▸ PROVIDED DATA
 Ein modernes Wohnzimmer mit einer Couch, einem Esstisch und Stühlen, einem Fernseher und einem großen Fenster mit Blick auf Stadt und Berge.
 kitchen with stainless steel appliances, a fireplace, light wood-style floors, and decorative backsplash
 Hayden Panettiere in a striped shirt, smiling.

--

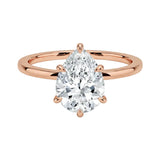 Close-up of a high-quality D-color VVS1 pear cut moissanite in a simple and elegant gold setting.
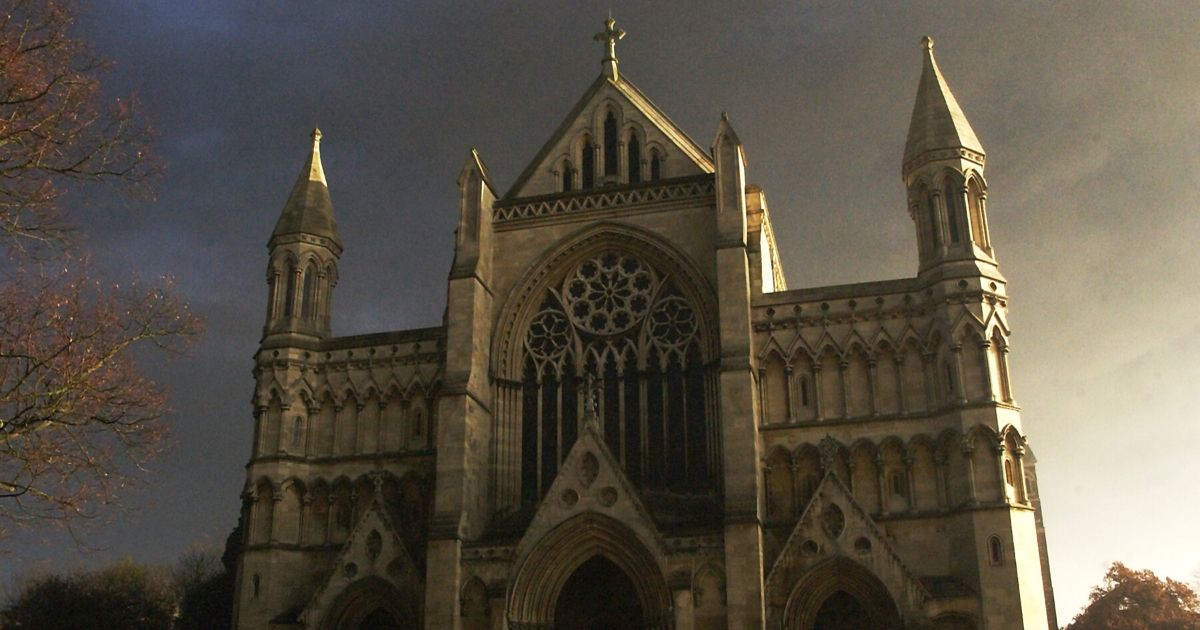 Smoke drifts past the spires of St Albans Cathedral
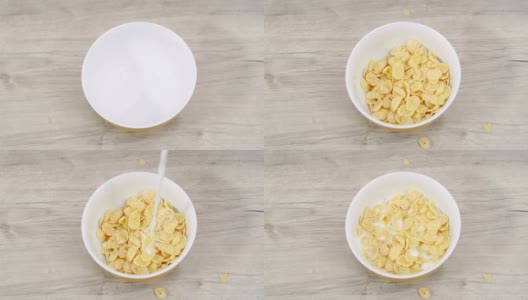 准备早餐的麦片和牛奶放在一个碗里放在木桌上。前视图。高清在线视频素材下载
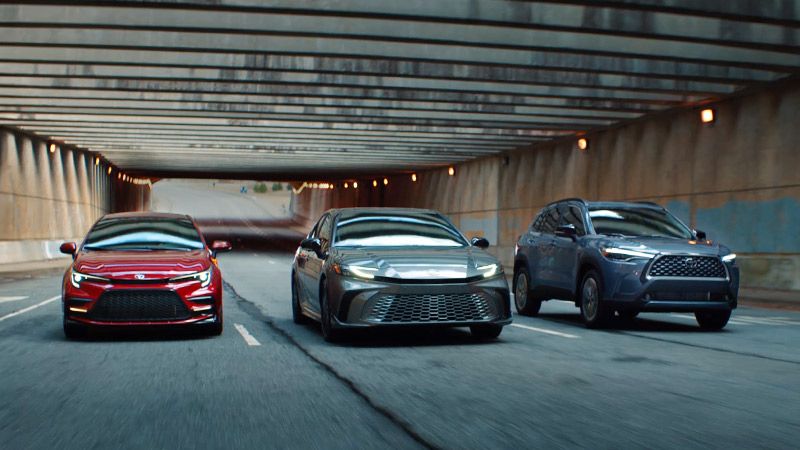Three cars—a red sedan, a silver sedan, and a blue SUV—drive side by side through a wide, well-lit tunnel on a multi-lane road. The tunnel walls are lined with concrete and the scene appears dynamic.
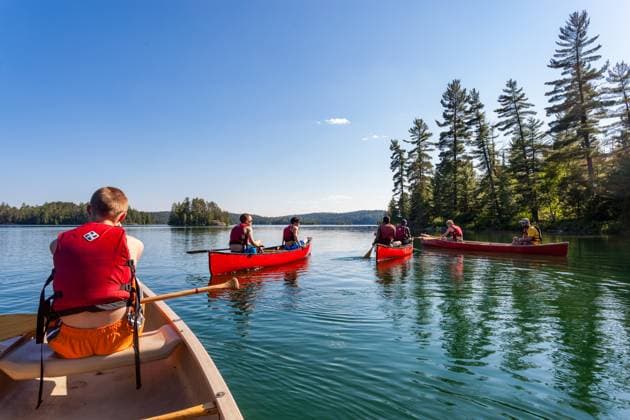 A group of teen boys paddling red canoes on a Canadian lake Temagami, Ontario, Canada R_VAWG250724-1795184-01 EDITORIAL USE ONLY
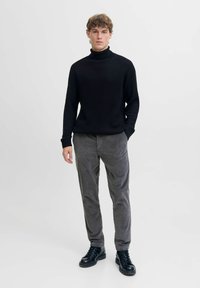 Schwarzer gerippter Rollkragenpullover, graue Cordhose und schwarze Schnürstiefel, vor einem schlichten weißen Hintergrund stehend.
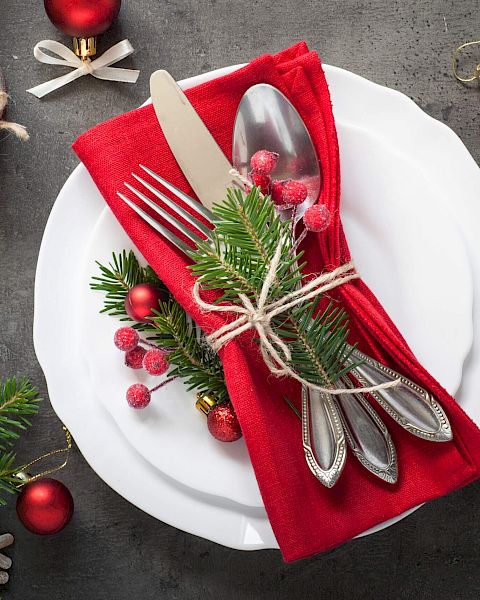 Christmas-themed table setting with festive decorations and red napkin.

▸ TASK DESCRIPTION
In the listing above, find the line with "Ein modernes Wohnzimmer" and the line with "Hayden Panettiere in", then print exactly those two lines and every line between them, and nothing more.

▸ RESPONSE TO THE TASK
 Ein modernes Wohnzimmer mit einer Couch, einem Esstisch und Stühlen, einem Fernseher und einem großen Fenster mit Blick auf Stadt und Berge.
 kitchen with stainless steel appliances, a fireplace, light wood-style floors, and decorative backsplash
 Hayden Panettiere in a striped shirt, smiling.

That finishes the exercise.